Automatic Upmixing of Legacy Audio Content for Metaverse Applications Using a Machine Learning Approach

Supervisor

Damian Murphy

Project Partner

BBC R&D

Project Summary

Immersive and interactive 360-degree media content creation demands new approaches and methods for efficient and effective workflows and that rise to the challenge of a user-centric, rather than author-centric, audiovisual perspective. Existing sound design practice emerges from traditional and established disciplines (e.g. film, TV), and recent research has identified some of the challenges for sound designers in creating content for new immersive media experiences. This includes the time-consuming nature of sound spatialisation, the lack of available spatial sound effects libraries, the integration of legacy stereo content into spatial productions, and the lack of standardisation and quality in the methods and tools used to emulate auditory source distance. This project will seek to address some of these issues by exploiting an existing proof-of-concept machine learning approach to enable the upmixing of legacy 2-channel stereo audio to spatial formats suitable for new and future metaverse experiences.

Project Description

Virtual Production and Metaverse content generation has the potential to extrapolate value from existing databases of digital assets and related content. Sound design for new immersive media experiences is still a relatively new area of practice with less well-defined methods requiring a new and still emerging set of skills and tools [1]. In particular it has been noted that audio practitioners face challenges in repurposing existing 2-channel stereo sound libraries for 360-degree interactive soundfield applications [2]. To this end a novel method of automatic upmixing from 2-channel stereo to 4-channel Ambisonic B-format has been proposed and tested [3]. This method uses deep learning to predict 360-degree time-frequency directional metadata from 2-channel stereo audio, which is subsequently used to extract and remap frequency components of a source signal to a target spherical harmonic representation. Results show that the system can learn and generalise the time/frequency content of sound sources present within the scene but has difficulty generalising to the ambient noise present within the scenes.

This research was co-created and conducted in partnership with BBC R&D, and now that a proof-of-concept machine-learning architecture has been developed, there is considerable further work to refine this approach, test its capabilities under a range of different input and output parameters (for instance, currently it works based on only one 2-channel stereo microphone configuration although other configurations were obtained as part of the baseline training data capture), audition the results with panels of listeners, and consider how this methodology might be integrated into future sound design workflows. One aim for this work would be the re-authoring of the original BBC Sound Effects Recordings suitable for future immersive formats. This in turn leads to associated research into the relevant ethical, procedural, and legal issues, not limited to copyright, IPR, GDPR, and data protection, of reusing such historical content.

Student Skills Requirements

The project will consider both research and development, as well as practice-based approaches, and user studies as needed.
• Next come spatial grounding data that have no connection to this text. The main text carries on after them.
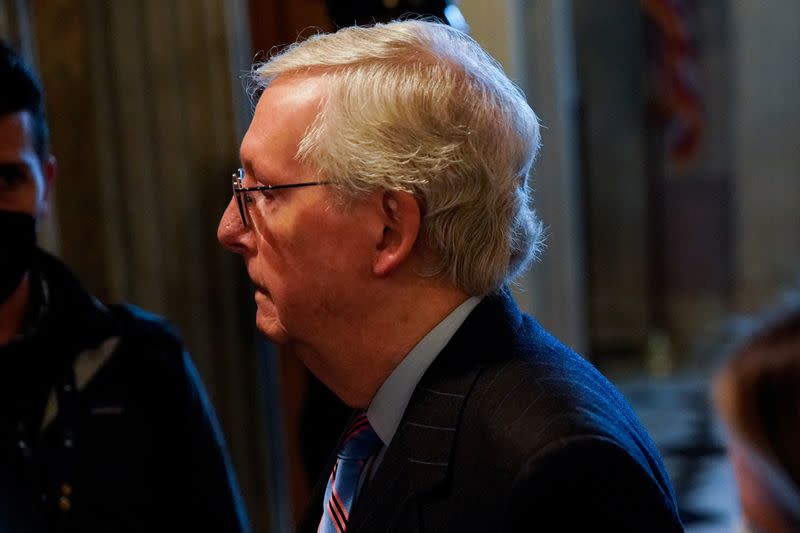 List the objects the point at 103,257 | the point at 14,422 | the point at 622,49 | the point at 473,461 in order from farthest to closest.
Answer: the point at 622,49, the point at 103,257, the point at 14,422, the point at 473,461

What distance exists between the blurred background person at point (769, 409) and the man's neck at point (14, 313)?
1646mm

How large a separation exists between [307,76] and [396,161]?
0.22 m

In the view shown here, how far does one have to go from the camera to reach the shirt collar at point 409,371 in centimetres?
172

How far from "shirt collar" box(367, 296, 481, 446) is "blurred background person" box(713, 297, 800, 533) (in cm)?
72

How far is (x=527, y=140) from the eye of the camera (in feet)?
5.87

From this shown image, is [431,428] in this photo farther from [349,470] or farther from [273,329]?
[273,329]

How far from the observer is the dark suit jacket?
56.0 inches

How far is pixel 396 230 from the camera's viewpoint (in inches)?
68.0

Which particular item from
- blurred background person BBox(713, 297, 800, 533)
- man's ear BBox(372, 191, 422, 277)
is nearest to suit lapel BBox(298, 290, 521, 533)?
man's ear BBox(372, 191, 422, 277)

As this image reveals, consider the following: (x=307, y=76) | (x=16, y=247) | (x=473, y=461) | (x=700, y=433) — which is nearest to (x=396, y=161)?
(x=307, y=76)

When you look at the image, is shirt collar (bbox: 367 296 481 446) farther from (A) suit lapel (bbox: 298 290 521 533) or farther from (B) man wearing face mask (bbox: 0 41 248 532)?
(B) man wearing face mask (bbox: 0 41 248 532)

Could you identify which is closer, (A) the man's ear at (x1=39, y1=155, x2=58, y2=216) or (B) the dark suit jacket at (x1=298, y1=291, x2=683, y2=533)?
(B) the dark suit jacket at (x1=298, y1=291, x2=683, y2=533)

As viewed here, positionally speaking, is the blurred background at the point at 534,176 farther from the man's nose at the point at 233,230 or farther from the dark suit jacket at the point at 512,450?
the man's nose at the point at 233,230

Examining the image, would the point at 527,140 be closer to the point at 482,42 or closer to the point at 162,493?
the point at 162,493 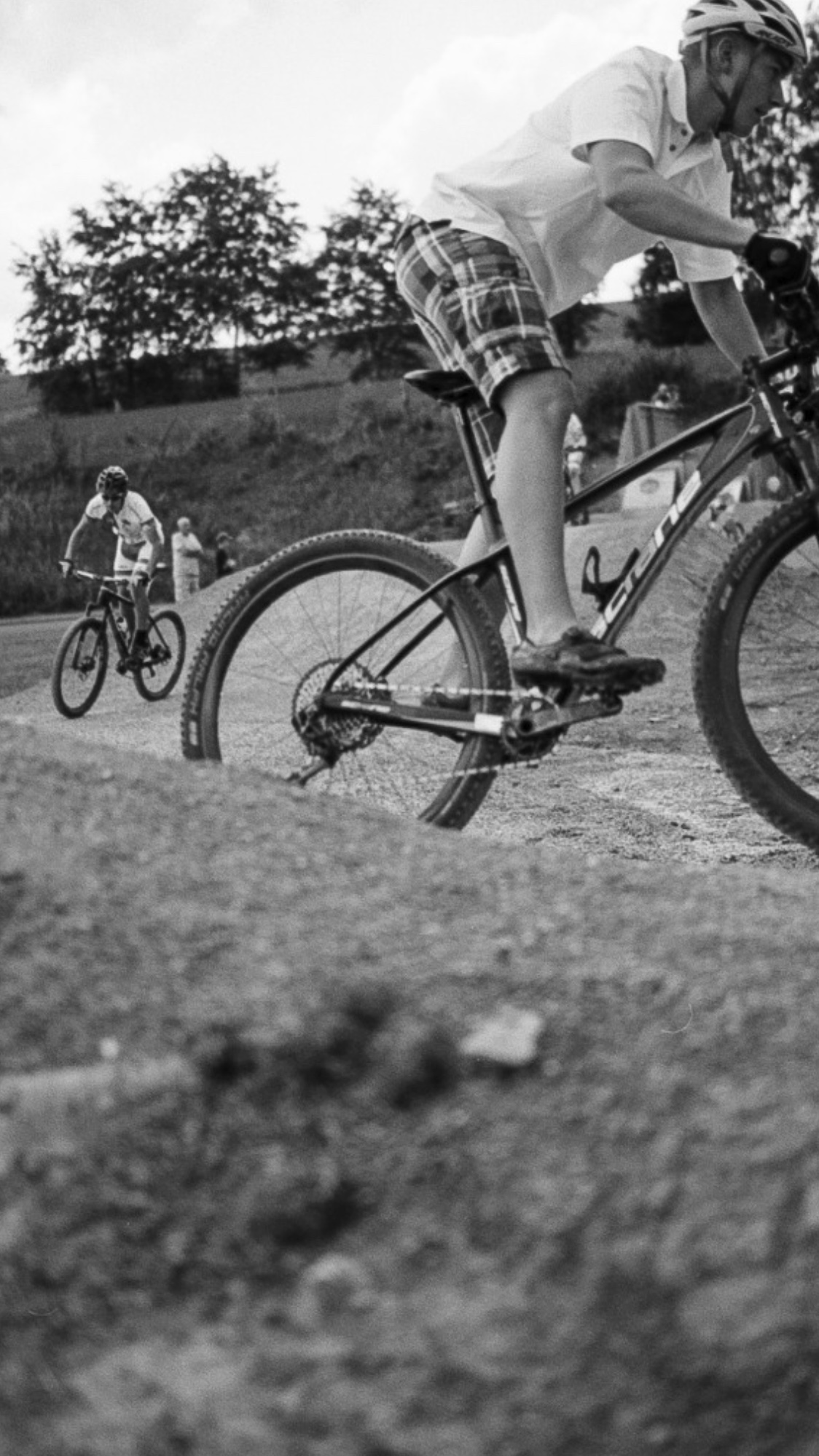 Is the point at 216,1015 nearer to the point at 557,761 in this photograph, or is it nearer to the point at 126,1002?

The successful applicant should have a strong interest in sound, music and immersive audio technology, an understanding of the application of machine learning in audio related tasks and good programming skills. This project is highly multi-disciplinary in its nature and we welcome applicants from a broad range of core research backgrounds and interests, extending from audio signal processing and machine learning to user experience design, human-computer interaction, as well as relevant creative practice. Suitable candidates must have (or expect to obtain) a minimum of a UK upper second-class honours degree (2.1) or equivalent in Computer Science, Electronic Engineering, Music Technology or a related subject. Prior research or industry experience would also be an advantage.

References

[1] Popp, C., Murphy, D.T., “Creating Audio Object-Focused Acoustic Environments for Room-Scale Virtual Reality”, Applied Sciences, 12(14), 7306, 2022. DOI: https://doi.org/10.3390/app12147306

[2] Turner, D., Pike, C., Baume, C., and Murphy, D.T., “Spatial Audio Production for Immersive Media Experiences: Perspectives on Practice-led Approaches to Designing Immersive Media Content”, The Soundtrack, 13(1), pp. 73-94, 2022. DOI: https://doi.org/10.1386/ts_00017_1

[3] Turner, D., “An Investigation into the Application of Machine Learning to Spatial Audio for Immersive Media”, PhD Thesis, University of York, 2023.

How to apply

Please go to the School of Physics Engineering, and Technology website and apply for a PhD in Music Technology. When applying please select ‘CDT in Sound Interactions in the Metaverse’ as your source of funding. You do not need to provide a research proposal, just enter the name of the project you are applying for.